§ **ABOUT THIS TASK**:
Look below for the line containing "现代烤漆前台、公司接待台、酒店美容院服务台、收银台，可定制"; from there through the line containing "Tesla Logo LED", both lines included, please set down each line exactly and nothing else.

§ **Recorded data**:

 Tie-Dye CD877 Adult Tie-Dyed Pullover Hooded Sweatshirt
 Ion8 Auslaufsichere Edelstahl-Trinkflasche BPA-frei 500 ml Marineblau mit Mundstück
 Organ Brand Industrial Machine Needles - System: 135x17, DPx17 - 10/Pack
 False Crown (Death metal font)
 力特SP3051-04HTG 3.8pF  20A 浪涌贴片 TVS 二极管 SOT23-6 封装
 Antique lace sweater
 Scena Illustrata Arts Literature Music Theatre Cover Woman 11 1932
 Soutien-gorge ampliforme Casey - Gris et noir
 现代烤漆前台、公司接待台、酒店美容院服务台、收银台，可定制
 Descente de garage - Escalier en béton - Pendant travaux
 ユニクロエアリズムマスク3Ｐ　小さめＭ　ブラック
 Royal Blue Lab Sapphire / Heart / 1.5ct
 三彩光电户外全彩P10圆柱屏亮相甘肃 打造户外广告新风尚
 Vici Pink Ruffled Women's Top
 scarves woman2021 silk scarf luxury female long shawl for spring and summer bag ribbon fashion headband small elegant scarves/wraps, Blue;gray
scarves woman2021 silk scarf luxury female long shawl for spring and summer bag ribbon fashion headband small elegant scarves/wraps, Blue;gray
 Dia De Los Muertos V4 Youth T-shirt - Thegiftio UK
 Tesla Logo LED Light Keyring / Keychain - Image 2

==

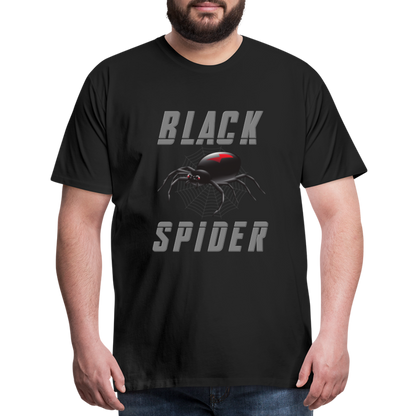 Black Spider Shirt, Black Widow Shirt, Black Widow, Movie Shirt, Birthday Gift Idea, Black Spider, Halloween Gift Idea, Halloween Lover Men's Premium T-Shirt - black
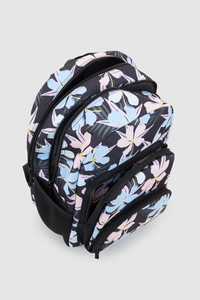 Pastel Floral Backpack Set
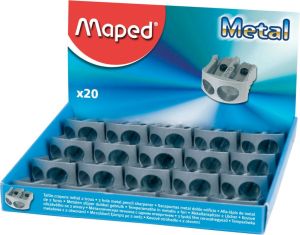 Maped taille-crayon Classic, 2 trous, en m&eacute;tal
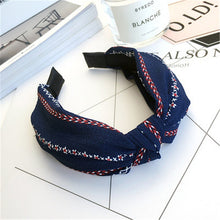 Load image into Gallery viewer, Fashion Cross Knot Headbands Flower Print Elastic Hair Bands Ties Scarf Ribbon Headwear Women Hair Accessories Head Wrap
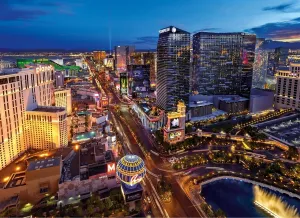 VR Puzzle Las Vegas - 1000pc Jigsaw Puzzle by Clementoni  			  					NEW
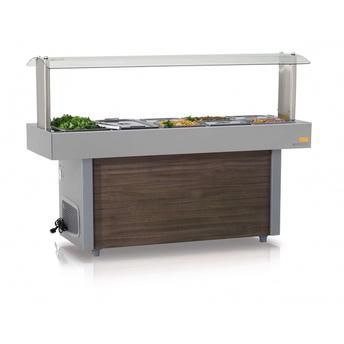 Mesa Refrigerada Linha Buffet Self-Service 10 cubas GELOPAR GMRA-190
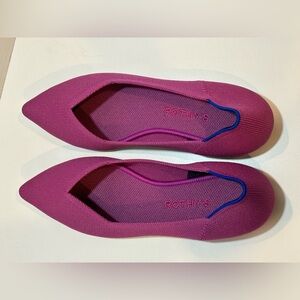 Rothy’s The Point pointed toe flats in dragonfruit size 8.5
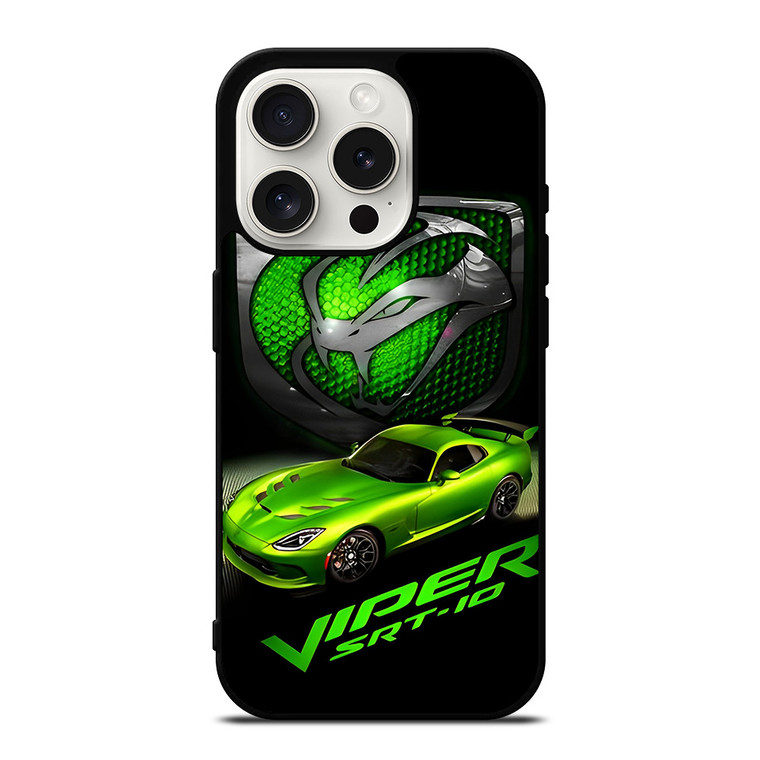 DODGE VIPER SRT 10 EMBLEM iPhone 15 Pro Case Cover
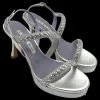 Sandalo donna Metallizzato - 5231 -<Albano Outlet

§ **SOLUTION BELOW**:
 现代烤漆前台、公司接待台、酒店美容院服务台、收银台，可定制
 Descente de garage - Escalier en béton - Pendant travaux
 ユニクロエアリズムマスク3Ｐ　小さめＭ　ブラック
 Royal Blue Lab Sapphire / Heart / 1.5ct
 三彩光电户外全彩P10圆柱屏亮相甘肃 打造户外广告新风尚
 Vici Pink Ruffled Women's Top
 scarves woman2021 silk scarf luxury female long shawl for spring and summer bag ribbon fashion headband small elegant scarves/wraps, Blue;gray
scarves woman2021 silk scarf luxury female long shawl for spring and summer bag ribbon fashion headband small elegant scarves/wraps, Blue;gray
 Dia De Los Muertos V4 Youth T-shirt - Thegiftio UK
 Tesla Logo LED Light Keyring / Keychain - Image 2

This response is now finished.